There is increasing demand for battery-based solar PV systems everywhere. As utility agreements change, batteries offer improved economics and independence, however it is critical to choose the right type for the application.
First, let's review the most common types of PV types:
1) Grid-direct (utility interactive) - Owner sells energy to utility grid, no batteries involved
2) Stand-alone (off-grid) - Owner is not connected to utility, solar and batteries must provide for all electrical loads
3) Multi-mode - Solar and battery system combination is able to sell energy to the utility grid AND store it for self-consumption in the case of grid-outage or unfavorable utility payment schemes
The simplest battery-based system is a direct DC stand-alone system, the x in a circle represents electrical loads.
The next step up is a DC stand-alone system with a load controller integrated in the charge controller (CC)

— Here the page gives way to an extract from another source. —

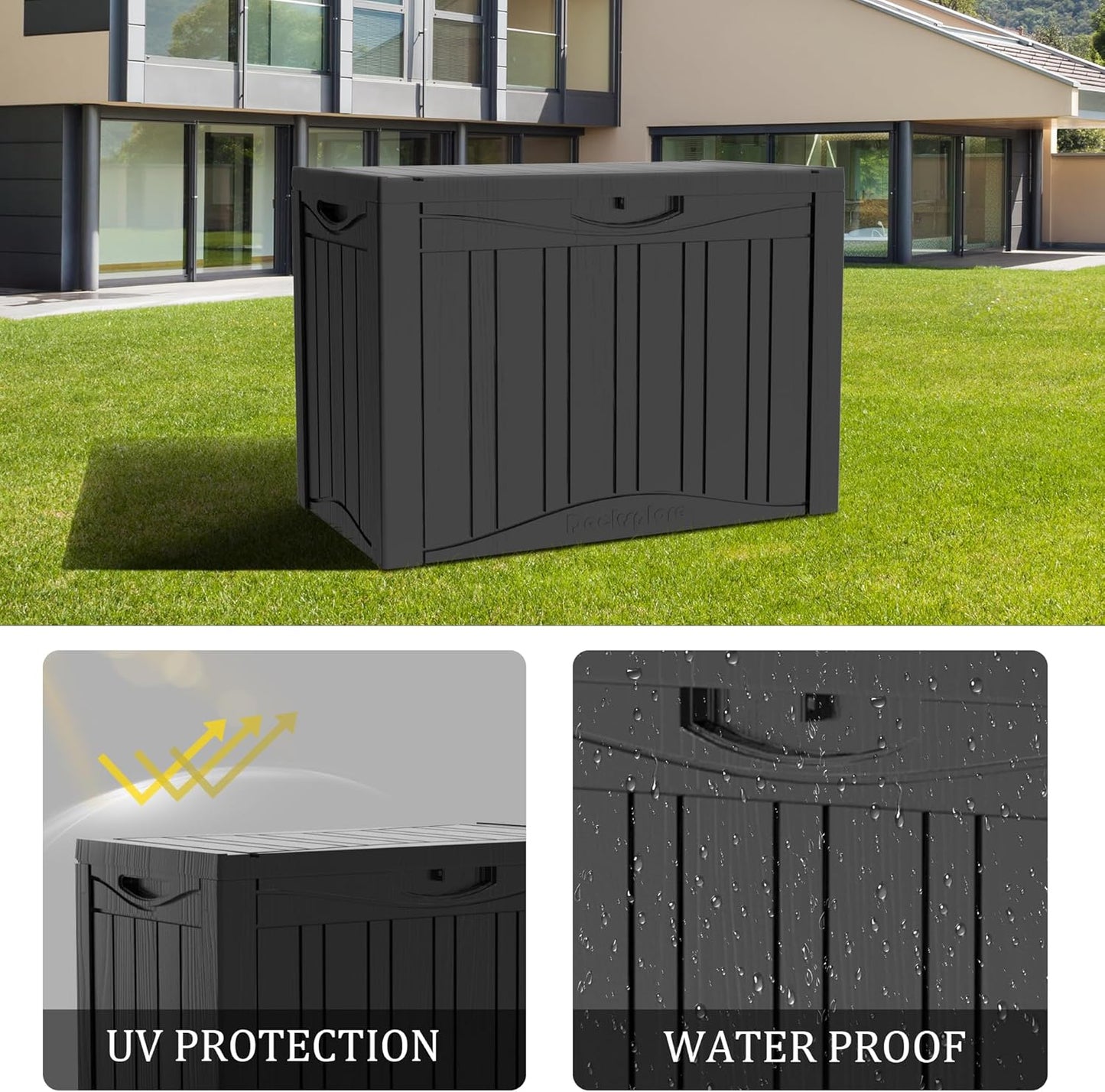 31 Gallon Deck Box, Resin Outdoor Indoor Waterproof Storage Box, Lockable Storage Box With Handle for Patio Furniture - Garden Tools - Swimming Pool Tools UV-Resistant, Black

If the system involves AC loads, such as most household appliances, lights and chargers, you will need an inverter. The simplest is an AC stand-alone system, wherein the charge controller either charges a battery, or directs the DC PV power directly to an off-grid inverter. That inverter powers AC loads in turn, discharging the battery power if the PV is not producing enough at the time.
If the owner is concerned about reliability, a small generator comes into play, creating a Hybrid AC stand-alone system. The generator feeds loads through the inverter.

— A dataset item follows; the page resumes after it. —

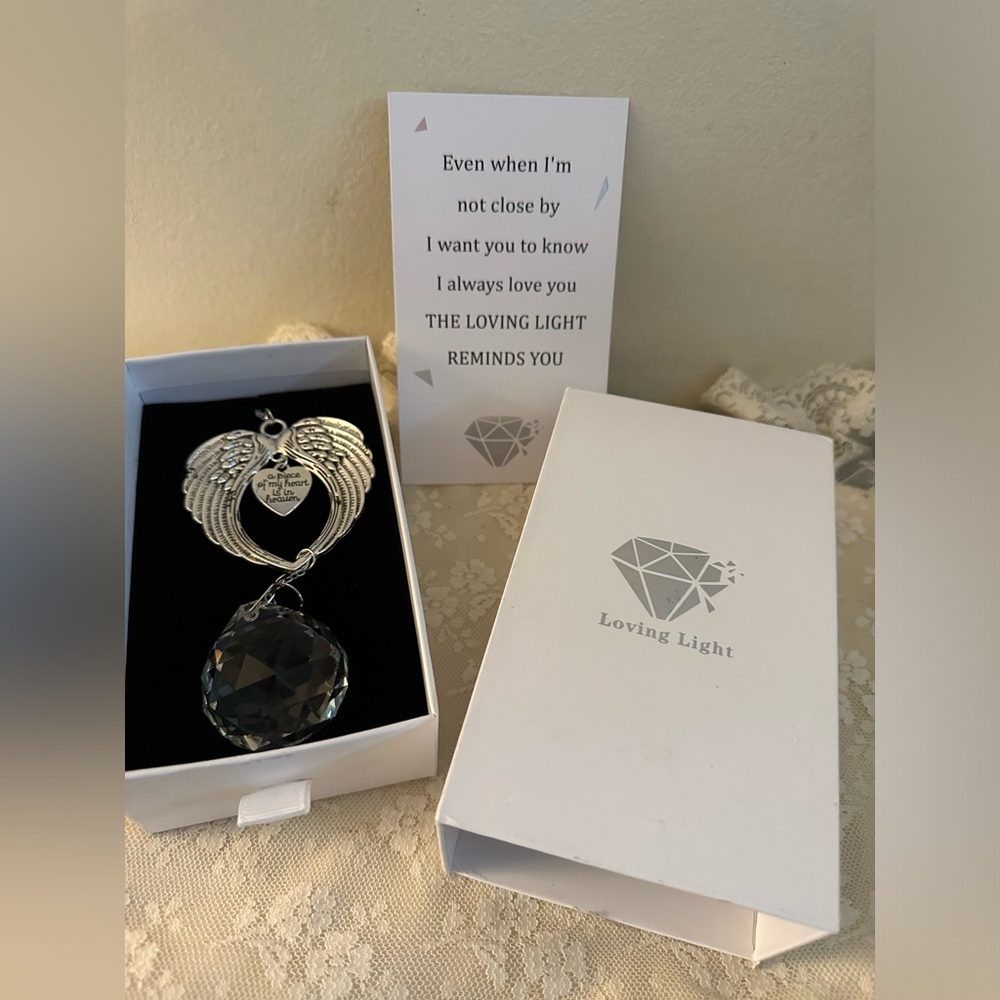 Silver Angel Wing Crystal Suncatcher Memorial Gift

Moving from off-grid to multi-mode we need to look at more robust multi-mode inverters. The simplest is a DC-coupled multi-mode system. The only addition besides the inverter is a "back-up loads" panel for critical loads in case of an outage. These systems can export and sell energy to the utility grid.
If you are retrofitting batteries to an existing solar system, you will install an AC-coupled multi-mode system. The existing solar inverter(s) output should be re-directed to the back-up loads panel, and the new multi-mode inverter will feed the main service panel. This allows the grid-tie solar inverter to operate even in the case of a grid outage! These are typically the most expensive but dynamic systems. They usually involve a battery management system (BMS)
Now, let's review modes of operation for these system types.
Grid-tied Multimode systems:
- Battery back-up - Net-metered (NEM) or otherwise compensated for production, batteries usually floating at 100% charge in case of power outage. Size battery bank to critical loads.
- Time of Use (TOU) - Batteries used to shift loads to off-peak prices or self-consumption for lack of NEM. Surplus solar production is stored and then discharged regularly for economic benefit.
- Peak Load Shaving - Batteries programmed to cap power (kW, not kWh) draw from grid below peak load price tiers. Typically used in commercial systems.